After following the steps above, you will have created a new folder in r_projects.

In my case, the folder’s path would be like /Users/edwinalvarado/Documents/r_projects/pol601. If I access the folder, I will see a file named pol601.Rproj, which is an RStudio project.

The next time I have to program something related to POL 601, I just click on the RStudio project, pol601.Rproj, which will open RStudio.

Most importantly, RStudio will open the working directory corresponding to POL 601, so I do not need to worry about setting the working directory manually.

OK. You repeat these steps for each course, paper, or practice that comes along the way. At some point, you will have numerous working directories:

  1. /Users/edwinalvarado/Documents/r_projects/pol601.

  2. /Users/edwinalvarado/Documents/r_projects/pol602.

  3. /Users/edwinalvarado/Documents/r_projects/pol603.

  4. /Users/edwinalvarado/Documents/r_projects/second_year_paper.

  5. /Users/edwinalvarado/Documents/r_projects/comps.

  6. /Users/edwinalvarado/Documents/r_projects/prospectus.

And so on…

To sum up, we have learned that R users organize their work around RStudio projects. We have learned how to create RStudio projects. And we have learned that creating an RStudio project results in a new working directory (i.e., a new folder) that we locate in the r_projects folders.

The new working directory must have a certain structure. I recommend to create three sub-folders:

  1. r_projects/pol601/data, where you store the data of interest.

  2. r_projects/pol601/scripts, where you store the text files with the code that loads, wrangles, tidies, models, or visualizes the data.

  3. r_projects/pol601/output, where you store wrangled data, model output (modeling data might be time-consuming, so you do not want to re-run models), or visualizations.

If you create a Quarto document (I have a post about it), I suggest keeping it right in the working directory, not in sub-folders.

I shared a model working directory through GitHub. It looks like this:

A model working directory

It is sensible to avoid deleting files. You never know if that trashy script will be useful in the future. Instead, you can create an old folder at any folder and place the old stuff there.

GitHub integration

Often, you want your R projects to be GitHub repositories.

GitHub is a version control tool. Moreover, GitHub is a platform to share code with instructors, co-authors, and colleagues.

To keep all your GitHub repositories together, you must create a folder locally on your computer, github_projects

Of course, the first step is to create a GitHub account. The second step is to download GitHub Desktop.1

  • 1 I suggest that you get used to running GitHub commands from the Terminal in RStudio. Using the Terminal approximates better the real-world jobs in the data science industry.

  • Intro to GitHub

    You need a solid introduction to Git and GitHub. My recommended resources, here and here.

    The steps go as follows:

    1. Log in to the GitHub website.

    2. Click on your profile picture (upper right corner).

    3. Click on Your repositories.

    4. Click on New (green bottom) to create a new repository.
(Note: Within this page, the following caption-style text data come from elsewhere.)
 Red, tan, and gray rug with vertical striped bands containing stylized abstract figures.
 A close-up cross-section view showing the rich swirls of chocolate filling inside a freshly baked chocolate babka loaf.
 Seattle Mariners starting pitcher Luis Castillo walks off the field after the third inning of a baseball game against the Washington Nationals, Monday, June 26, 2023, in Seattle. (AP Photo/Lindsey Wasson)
    5. Choose an appropriate name (say, pol601) and make sure that the repository is private.

    6. Click on Create repository, which will lead you to the main page of the new repository.

    7. Click on Code (green bottom).

    8. Click on Local.

    9. Click on Open with GitHub Desktop, which will lead you to GitHub Desktop.
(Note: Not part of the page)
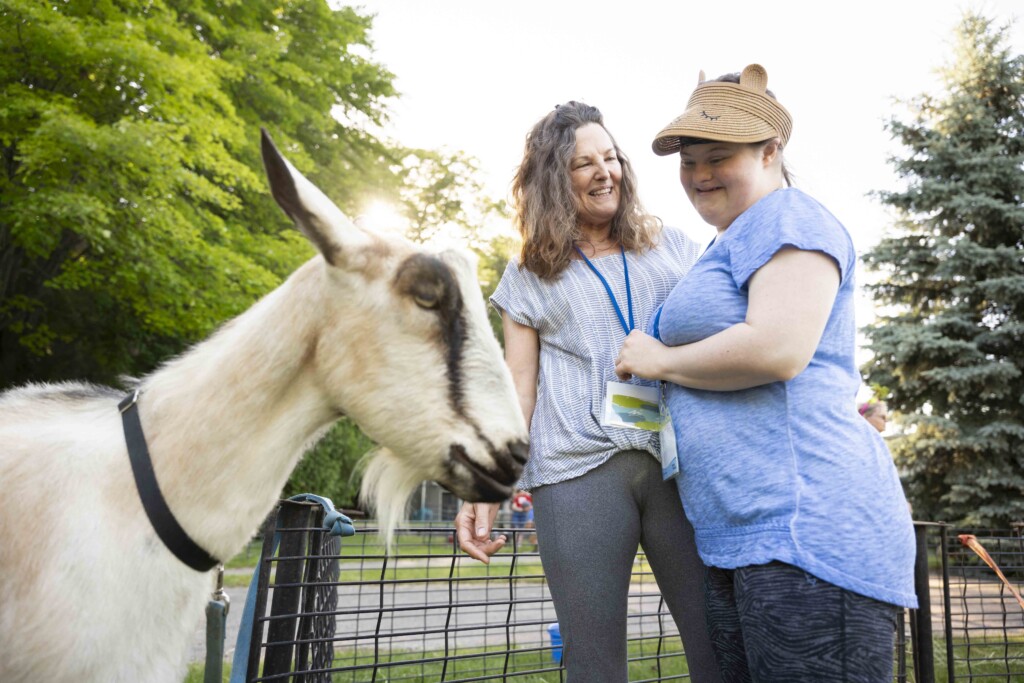 Randi and Pat standing next to each other, both smiling. Randi is looking at a goat.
    10. In GitHub Desktop, click on Browse and make sure that the repository will be located in the github_projects folder.

    Having reached this point, the repository should exist locally on your computer and, more specifically, in the github_projects folder.
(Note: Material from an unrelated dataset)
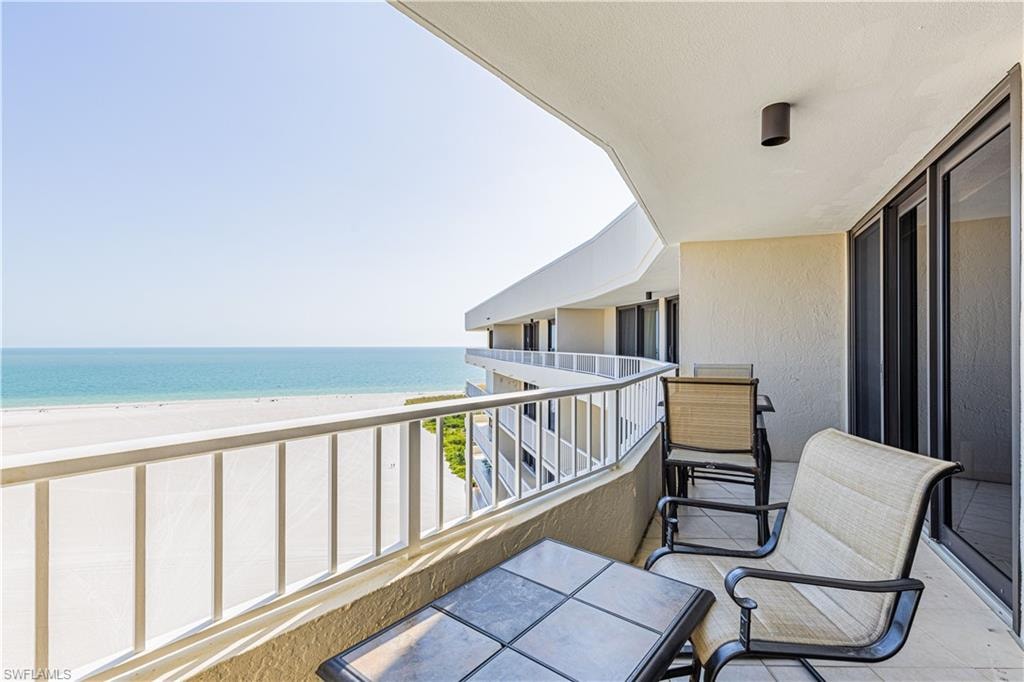 Balcony with a view of the beach and a water view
    Now it is time to populate github_projects/pol601.

    1. Open RStudio.

    2. Click on File > New Project, which will open a new window.

    3. Select Existing Directory (instead of New Directory, as we did it in the previous section).

    4. Click on Browse and make sure to choose the github_projects/pol601 folder.

    5. Click on Create Project.

    Thus, you will have created a new folder in github_projects that is both an RStudio project and a GitHub repository.

    You are all set to program great things and exploit the benefits of version control!